§ INPUT:
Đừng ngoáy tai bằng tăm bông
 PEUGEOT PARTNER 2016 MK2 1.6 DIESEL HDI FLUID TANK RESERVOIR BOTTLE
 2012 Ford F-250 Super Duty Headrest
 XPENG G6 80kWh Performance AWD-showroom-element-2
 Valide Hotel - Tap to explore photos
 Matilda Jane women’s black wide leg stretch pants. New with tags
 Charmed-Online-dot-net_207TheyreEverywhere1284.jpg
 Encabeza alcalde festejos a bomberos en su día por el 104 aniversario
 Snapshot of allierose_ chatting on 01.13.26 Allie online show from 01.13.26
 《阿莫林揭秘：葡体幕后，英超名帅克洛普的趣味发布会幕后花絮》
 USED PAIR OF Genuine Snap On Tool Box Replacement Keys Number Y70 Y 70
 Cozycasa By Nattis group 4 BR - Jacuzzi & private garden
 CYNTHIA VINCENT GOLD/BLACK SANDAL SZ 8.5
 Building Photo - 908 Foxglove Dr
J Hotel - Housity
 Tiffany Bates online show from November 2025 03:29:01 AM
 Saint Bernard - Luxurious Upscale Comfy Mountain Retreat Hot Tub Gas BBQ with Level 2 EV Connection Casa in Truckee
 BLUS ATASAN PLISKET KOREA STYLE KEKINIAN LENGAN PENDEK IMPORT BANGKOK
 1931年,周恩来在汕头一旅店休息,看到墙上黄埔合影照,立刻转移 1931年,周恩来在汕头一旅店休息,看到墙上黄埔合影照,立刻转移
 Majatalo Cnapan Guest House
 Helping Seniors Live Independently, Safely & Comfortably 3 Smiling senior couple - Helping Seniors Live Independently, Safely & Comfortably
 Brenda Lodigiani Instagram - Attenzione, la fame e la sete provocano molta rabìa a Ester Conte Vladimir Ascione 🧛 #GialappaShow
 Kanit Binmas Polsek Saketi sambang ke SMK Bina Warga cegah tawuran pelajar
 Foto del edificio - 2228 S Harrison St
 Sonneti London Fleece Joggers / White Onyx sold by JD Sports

§ ACTIVITY: After reading the listing, copy all of it out exactly.

§ RESPONSE:
Đừng ngoáy tai bằng tăm bông
 PEUGEOT PARTNER 2016 MK2 1.6 DIESEL HDI FLUID TANK RESERVOIR BOTTLE
 2012 Ford F-250 Super Duty Headrest
 XPENG G6 80kWh Performance AWD-showroom-element-2
 Valide Hotel - Tap to explore photos
 Matilda Jane women’s black wide leg stretch pants. New with tags
 Charmed-Online-dot-net_207TheyreEverywhere1284.jpg
 Encabeza alcalde festejos a bomberos en su día por el 104 aniversario
 Snapshot of allierose_ chatting on 01.13.26 Allie online show from 01.13.26
 《阿莫林揭秘：葡体幕后，英超名帅克洛普的趣味发布会幕后花絮》
 USED PAIR OF Genuine Snap On Tool Box Replacement Keys Number Y70 Y 70
 Cozycasa By Nattis group 4 BR - Jacuzzi & private garden
 CYNTHIA VINCENT GOLD/BLACK SANDAL SZ 8.5
 Building Photo - 908 Foxglove Dr
J Hotel - Housity
 Tiffany Bates online show from November 2025 03:29:01 AM
 Saint Bernard - Luxurious Upscale Comfy Mountain Retreat Hot Tub Gas BBQ with Level 2 EV Connection Casa in Truckee
 BLUS ATASAN PLISKET KOREA STYLE KEKINIAN LENGAN PENDEK IMPORT BANGKOK
 1931年,周恩来在汕头一旅店休息,看到墙上黄埔合影照,立刻转移 1931年,周恩来在汕头一旅店休息,看到墙上黄埔合影照,立刻转移
 Majatalo Cnapan Guest House
 Helping Seniors Live Independently, Safely & Comfortably 3 Smiling senior couple - Helping Seniors Live Independently, Safely & Comfortably
 Brenda Lodigiani Instagram - Attenzione, la fame e la sete provocano molta rabìa a Ester Conte Vladimir Ascione 🧛 #GialappaShow
 Kanit Binmas Polsek Saketi sambang ke SMK Bina Warga cegah tawuran pelajar
 Foto del edificio - 2228 S Harrison St
 Sonneti London Fleece Joggers / White Onyx sold by JD Sports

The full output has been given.